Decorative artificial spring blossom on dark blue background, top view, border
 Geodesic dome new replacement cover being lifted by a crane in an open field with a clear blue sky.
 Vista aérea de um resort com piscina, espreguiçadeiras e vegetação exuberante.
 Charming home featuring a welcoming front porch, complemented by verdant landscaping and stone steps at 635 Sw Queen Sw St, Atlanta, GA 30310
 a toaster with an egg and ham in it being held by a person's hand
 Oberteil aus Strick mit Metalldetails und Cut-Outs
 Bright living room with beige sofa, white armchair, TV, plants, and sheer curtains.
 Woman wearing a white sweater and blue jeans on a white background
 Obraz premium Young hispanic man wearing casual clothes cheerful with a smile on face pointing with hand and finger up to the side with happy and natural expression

════

What you should do:
Whatever the entries above contain, reproduce all of them exactly.

Completed exercise:
Decorative artificial spring blossom on dark blue background, top view, border
 Geodesic dome new replacement cover being lifted by a crane in an open field with a clear blue sky.
 Vista aérea de um resort com piscina, espreguiçadeiras e vegetação exuberante.
 Charming home featuring a welcoming front porch, complemented by verdant landscaping and stone steps at 635 Sw Queen Sw St, Atlanta, GA 30310
 a toaster with an egg and ham in it being held by a person's hand
 Oberteil aus Strick mit Metalldetails und Cut-Outs
 Bright living room with beige sofa, white armchair, TV, plants, and sheer curtains.
 Woman wearing a white sweater and blue jeans on a white background
 Obraz premium Young hispanic man wearing casual clothes cheerful with a smile on face pointing with hand and finger up to the side with happy and natural expression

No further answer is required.